DATA SECTION:
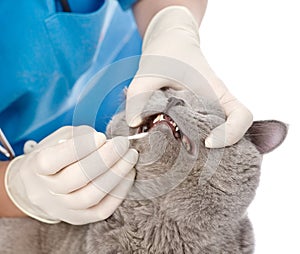 The veterinarian checks teeth to a cat. isolated on white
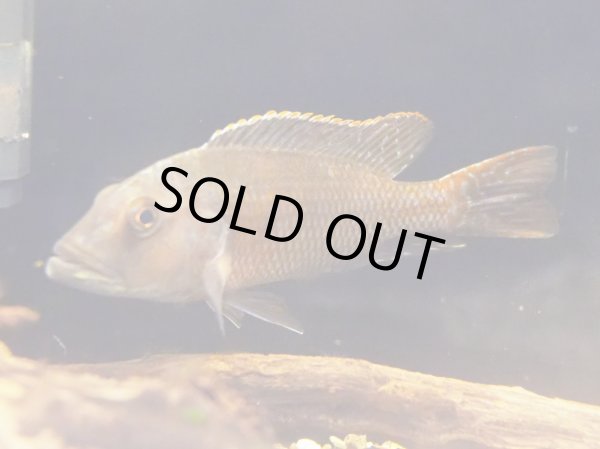 画像2: ニンボクロミス フスコタエニアタス(15cm±) (2)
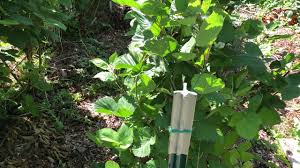 Maybe you would like to learn more about one of these? Diy Easy 20 Blackberry Trellis Youtube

TASK TO CARRY OUT: Retype everything in the material word for word, minus pictures.

TASK ANSWER:
 The veterinarian checks teeth to a cat. isolated on white
 画像2: ニンボクロミス フスコタエニアタス(15cm±) (2)
 Maybe you would like to learn more about one of these? Diy Easy 20 Blackberry Trellis Youtube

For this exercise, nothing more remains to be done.